NASCAR Craftsman Truck Series career
- 1 race run over 1 year
- 2016 position: 79th
- Best finish: 79th (2016)
- First race: 2016 Texas Roadhouse 200 (Martinsville)
| Wins | Top tens | Poles |
| 0 | 0 | 0 |

ARCA Menards Series career
- 22 races run over 4 years
- Best finish: 12th (2015)
- First race: 2013 Allen Crowe Memorial 100 (Springfield)
- Last race: 2025 Bush's Beans 200 (Bristol)
| Wins | Top tens | Poles |
| 0 | 0 | 0 |

ARCA Menards Series East career
- 1 race run over 1 year
- Best finish: 74th (2025)
- First race: 2025 Bush's Beans 200 (Bristol)
| Wins | Top tens | Poles |
| 0 | 0 | 0 |

= Josh White (racing driver) =

American stock car driver and Marine (born 1991)

Joshua White (born May 7, 1991) is an American professional stock car and dirt modified racing driver. A U.S. Marine Corps veteran, White is recognized as the first 100% service-disabled Marine to compete in NASCAR, as well as the second U.S. Marine to compete in NASCAR history. In 2026, the Motorsports Hall of Fame of America began displaying his U.S. Marine Corps dress uniform to honor his military service and his historic standing in the sport. Along with his national series experience, White actively competes in regional dirt modified programs and manages Josh White Racing, an organization dedicated to veteran advocacy, vocational training, and community tribute initiatives such as the "Laps of Honor" program.

==Racing career==
At eight years old, White's grandfather allowed him to drive his truck around the family's farm, while his grandmother rode with him during drives in the truck, which White stated was what began his interest in racing. After her death before a 2015 race at Salem Speedway, White placed a memorial decal on his ARCA Racing Series car.

White started racing when he was sixteen, competing in drag racing, followed by mud bogging at the age of 18. In 2007, he raced at Kanawha Valley Motorsports Park, winning four times in the track's IHRA Street Modified division. Two years later, he joined the track's IHRA Modified, recording five wins.

In 2010, White enlisted in the United States Marine Corps Reserve, attending boot camp at Parris Island. He was part of the USMC's Ready Reserve (IRR) program as a lance corporal. After returning from basic training a year later, he re-entered racing and switched to stock cars, running IMCA Crate Late Models at I-77 Raceway, where he had five top-five finishes and a win.
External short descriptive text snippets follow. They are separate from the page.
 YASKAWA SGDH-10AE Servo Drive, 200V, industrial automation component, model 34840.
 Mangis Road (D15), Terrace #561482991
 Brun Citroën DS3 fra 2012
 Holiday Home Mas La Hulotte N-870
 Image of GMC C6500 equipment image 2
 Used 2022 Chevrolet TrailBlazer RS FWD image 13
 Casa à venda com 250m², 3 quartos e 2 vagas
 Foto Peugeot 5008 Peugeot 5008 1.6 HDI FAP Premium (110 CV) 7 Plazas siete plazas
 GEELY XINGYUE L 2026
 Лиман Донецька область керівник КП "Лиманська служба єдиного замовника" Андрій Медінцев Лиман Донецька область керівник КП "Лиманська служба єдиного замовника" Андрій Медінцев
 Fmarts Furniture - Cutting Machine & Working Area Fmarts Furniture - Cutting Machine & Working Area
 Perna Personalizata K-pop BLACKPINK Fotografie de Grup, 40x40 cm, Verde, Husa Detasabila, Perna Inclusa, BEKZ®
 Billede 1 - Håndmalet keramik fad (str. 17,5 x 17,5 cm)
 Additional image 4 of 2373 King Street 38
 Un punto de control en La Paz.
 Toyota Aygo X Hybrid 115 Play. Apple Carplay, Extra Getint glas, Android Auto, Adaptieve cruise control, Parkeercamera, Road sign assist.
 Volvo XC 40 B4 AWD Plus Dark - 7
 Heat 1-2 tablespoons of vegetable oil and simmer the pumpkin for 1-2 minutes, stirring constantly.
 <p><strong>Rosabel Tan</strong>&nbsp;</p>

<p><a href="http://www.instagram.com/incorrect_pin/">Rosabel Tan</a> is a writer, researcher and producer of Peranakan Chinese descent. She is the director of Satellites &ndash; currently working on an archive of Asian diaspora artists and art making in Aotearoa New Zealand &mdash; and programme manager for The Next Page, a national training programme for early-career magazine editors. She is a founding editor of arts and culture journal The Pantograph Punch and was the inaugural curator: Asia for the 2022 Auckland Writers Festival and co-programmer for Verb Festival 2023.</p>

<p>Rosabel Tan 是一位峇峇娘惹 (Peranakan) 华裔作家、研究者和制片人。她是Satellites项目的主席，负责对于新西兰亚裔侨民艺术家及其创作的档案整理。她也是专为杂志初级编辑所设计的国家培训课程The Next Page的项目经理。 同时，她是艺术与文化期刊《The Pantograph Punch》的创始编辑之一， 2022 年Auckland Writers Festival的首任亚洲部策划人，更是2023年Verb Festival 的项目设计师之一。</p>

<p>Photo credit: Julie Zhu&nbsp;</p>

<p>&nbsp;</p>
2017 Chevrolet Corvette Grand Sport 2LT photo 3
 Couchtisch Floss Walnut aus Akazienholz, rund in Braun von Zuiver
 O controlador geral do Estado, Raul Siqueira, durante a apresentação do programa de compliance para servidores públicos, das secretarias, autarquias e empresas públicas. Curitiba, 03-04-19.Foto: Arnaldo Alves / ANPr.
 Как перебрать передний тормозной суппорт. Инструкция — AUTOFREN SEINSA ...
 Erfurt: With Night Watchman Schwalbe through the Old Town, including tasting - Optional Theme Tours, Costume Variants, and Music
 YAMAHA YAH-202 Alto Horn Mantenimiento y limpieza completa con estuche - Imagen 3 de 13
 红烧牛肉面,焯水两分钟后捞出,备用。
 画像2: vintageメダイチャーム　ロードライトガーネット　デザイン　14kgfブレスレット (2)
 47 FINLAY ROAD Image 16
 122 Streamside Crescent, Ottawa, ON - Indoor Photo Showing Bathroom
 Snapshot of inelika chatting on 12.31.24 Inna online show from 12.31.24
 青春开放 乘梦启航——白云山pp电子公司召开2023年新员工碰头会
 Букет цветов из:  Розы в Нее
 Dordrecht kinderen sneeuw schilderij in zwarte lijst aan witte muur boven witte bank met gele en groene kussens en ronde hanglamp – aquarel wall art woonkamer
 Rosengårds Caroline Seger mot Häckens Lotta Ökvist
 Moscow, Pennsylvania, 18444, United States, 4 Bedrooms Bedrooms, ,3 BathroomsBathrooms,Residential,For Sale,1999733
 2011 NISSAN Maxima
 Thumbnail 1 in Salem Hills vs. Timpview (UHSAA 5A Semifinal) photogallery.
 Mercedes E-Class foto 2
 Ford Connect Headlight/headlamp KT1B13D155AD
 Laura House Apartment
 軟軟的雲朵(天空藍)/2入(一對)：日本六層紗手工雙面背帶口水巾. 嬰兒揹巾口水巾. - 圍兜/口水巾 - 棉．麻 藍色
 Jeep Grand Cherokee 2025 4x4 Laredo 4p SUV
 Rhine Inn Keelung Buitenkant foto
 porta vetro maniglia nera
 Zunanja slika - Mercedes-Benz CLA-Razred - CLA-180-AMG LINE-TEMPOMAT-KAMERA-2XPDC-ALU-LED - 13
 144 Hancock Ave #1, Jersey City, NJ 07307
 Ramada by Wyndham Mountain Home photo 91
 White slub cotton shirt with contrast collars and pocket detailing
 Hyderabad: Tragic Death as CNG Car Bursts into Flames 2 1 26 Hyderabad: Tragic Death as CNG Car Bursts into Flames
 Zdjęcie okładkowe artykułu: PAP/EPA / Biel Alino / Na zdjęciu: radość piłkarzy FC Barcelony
In 2012, White ran an Automobile Racing Club of America race at Toledo Speedway, where he finished thirteenth. The following season, he began competing full-time in the ARCA Lincoln Welders Truck Series for Team Wilson, driving the No. 9 Ford. That year, he made his ARCA Racing Series debut for Hixson Motorsports at the Illinois State Fairgrounds in Springfield; he retired from the race after two laps with handling problems and finished 31st. He also made a start at the DuQuoin State Fairgrounds Racetrack, where he finished 30th. He did not make an ARCA Racing Series start in 2014, but returned for the 2015 season, running seventeenth races for Hixson. He ended the season twelfth in points with a best finish of 21st at Springfield.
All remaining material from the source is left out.